De Kom must have spent a good deal of time as a child on the very stoop where the elderly man is now sitting. His father had been enslaved, and his grandmother taught her grandchildren about “the sufferings of slavery,” in the words of De Kom’s fierce indictment We Slaves of Suriname . He published the book in 1934, a year after the colonial authorities banished him from Suriname.
De Kom was a quick student and must have learned from a young age not to take injustice for granted. Many children in his neighborhood went barefoot, wore rags, and roamed the streets after dark. Education was compulsory, but few parents could afford the school fees, let alone decent shoes and school clothes. They had a hard enough time giving their children a simple meal, such as rice and salt fish, every day. If they could, they sent their children to work as kweekjes, sweeping, raking, and lugging pails of water for a wealthy family in return for room and board. Child labor was rife.
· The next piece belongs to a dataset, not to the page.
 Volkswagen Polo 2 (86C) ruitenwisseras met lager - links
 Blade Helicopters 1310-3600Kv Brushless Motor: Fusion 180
Anton de Kom’s own childhood was probably easier. His father scraped together a living from his patch of soil and also worked as a gold miner. Young Anton must now and then have passed through Oranjeplein, a stately square in the alien realm of the city center, where the statue of Queen Wilhelmina stood in front of the governor’s magnificent palace, although the monarch never visited her colony. Under the tamarind trees around the square, the upper middle class promenaded in their walking suits and long white dresses. In Frimangron, everyone was black. That is still mostly true today.
One Sunday morning, I drive down Anton Dragtenweg, along which handsome houses overlook the Suriname River. My destination is the district of Clevia: tight rows of Bruynzeel houses, mass-produced modular wooden dwellings with front and backyards. I park beside a recently sanded fence. “I’m painting the gate,” Cees de Kom told me on the telephone, sounding a little breathless. Anton de Kom’s son is now ninety-one years old but still looks sprightly. He invites me to walk up the stairs to the balcony ahead of him. His wife, one year younger, shakes my hand just as energetically.